Date Published: December 4, 2018
Author(s): Moti Tolera, Degu Abate, Merga Dheresa, Dadi Marami.
Nosocomial infections remain a major cause of mortality and morbidity worldwide. Despite the highly specialized interventions and policies, the rate of infection is still high due to the emergence of antimicrobial-resistant bacteria. This study described the prevalence of bacterial nosocomial infections and antimicrobial susceptibility pattern of isolates among patients admitted at Hiwot Fana Specialized University Hospital, Eastern Ethiopia. A hospital-based cross-sectional study was conducted among 394 nosocomial infection-suspected patients from March 2017 to July 2017. Data were collected using a structured questionnaire. Specimens from the respective site of infections were collected and examined for the presence of pathogenic bacteria and their antimicrobial susceptibility using standard culture and serological tests. Data were summarized using descriptive statistics. The prevalence of culture-confirmed bacterial nosocomial infection was 6.9% (95% CI: 4.3–7.9). Staphylococcus aureus (18.5%) was the most common isolate followed by Escherichia coli (16.7%). S. aureus showed 80% resistance to chloramphenicol and erythromycin, and 70% to cephalexin and tetracycline, respectively. A methicillin-resistant S. aureus made up 88.9% of all S. aureus isolates. Pseudomonas aeruginosa showed 83.7% resistance to each of ceftazidime and cephalexin, and 66.7% to chloramphenicol. The most common multidrug-resistant isolates were P. aeruginosa (30.4%) and S. aureus (21.7%). The prevalence of nosocomial infections in this study was comparable with other findings; however, the high rates of antimicrobial resistant isolates represent a substantial threat to the patients, communities, health care providers, and modern medical practices. Bacterial nosocomial infection treatment should be supported by culture isolation and antimicrobial susceptibility testing.
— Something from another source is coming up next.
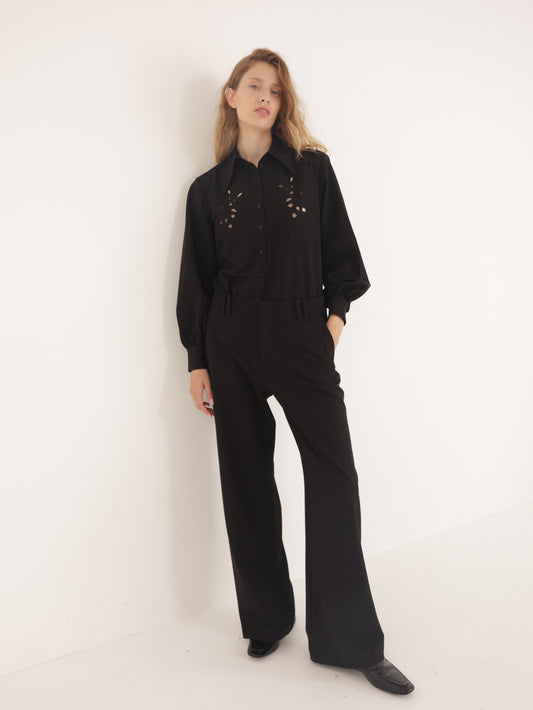Tailored Wide-Leg Pants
A nosocomial infection (NI) (also known as hospital-acquired infection) is a localized or a systemic infection resulting from an adverse reaction to infectious agents or its toxins that develops in 48 hours or more after admission and was not incubating on admission [1, 2]. The most common type of NIs are urinary tract infections (usually catheter associated) (31%)  followed by surgical site infections (SSIs) (17%), primary bloodstream infections (BSIs) (usually associated with the use of an intravascular device) (14%), and pneumonia (usually ventilator associated) (13%) [3, 4]. The main bacteria associated with NIs are S. aureus, coagulase-negative staphylococci (CoNS), Streptococcus pneumoniae, Escherichia coli, P. aeruginosa, Haemophilus influenzae, Klebsiella pneumoniae, Acinetobacter, and Enterococci [5, 6]. The transmission within the hospital occurs through cross-contamination of the patients via the contaminated hands of health care staffs who come in frequent contact with patients or through contaminated objects [4, 7].
Nosocomial infections are one of the major public health problems around the world that vary from one country to the other. The prevalence of culture-confirmed NIs in this study was 6.9% (95% CI: 4.3–7.9). This was lower compared with a previous study conducted in a Tertiary Care Hospital, Ethiopia (35.8%) , and Rabat, Morocco (10.3%) , but higher compared to the study reported in Lambarene, Gabon (0.3%) , and Mazandaran, India (1.03%) . The higher prevalence of NIs in the present study might be due to the inclusion of all age groups and a large number of different kinds of specimens from different wards; the other studies only looked at adult patients and focused on limited types of specimens.
In conclusion, the prevalence of culture-confirmed bacterial NIs in this study was comparable with other similar study findings. The most common infections were surgical site and bloodstream. S. aureus, E. coli, and S. pneumoniae were the most frequent causes of NIs. Most of the isolates were resistant to commonly used antimicrobials in the testing panel. The treatment and management of bacterial NIs need to be supported by culture isolation and antimicrobial susceptibility testing. Ciprofloxacin, ceftriaxone, and gentamycin should be used for the treatment of NIs when empiric treatment is unavoidable. Future studies are recommended to measure the true prevalence of NIs and antimicrobial resistance by including district hospitals, discharged patients, and communities.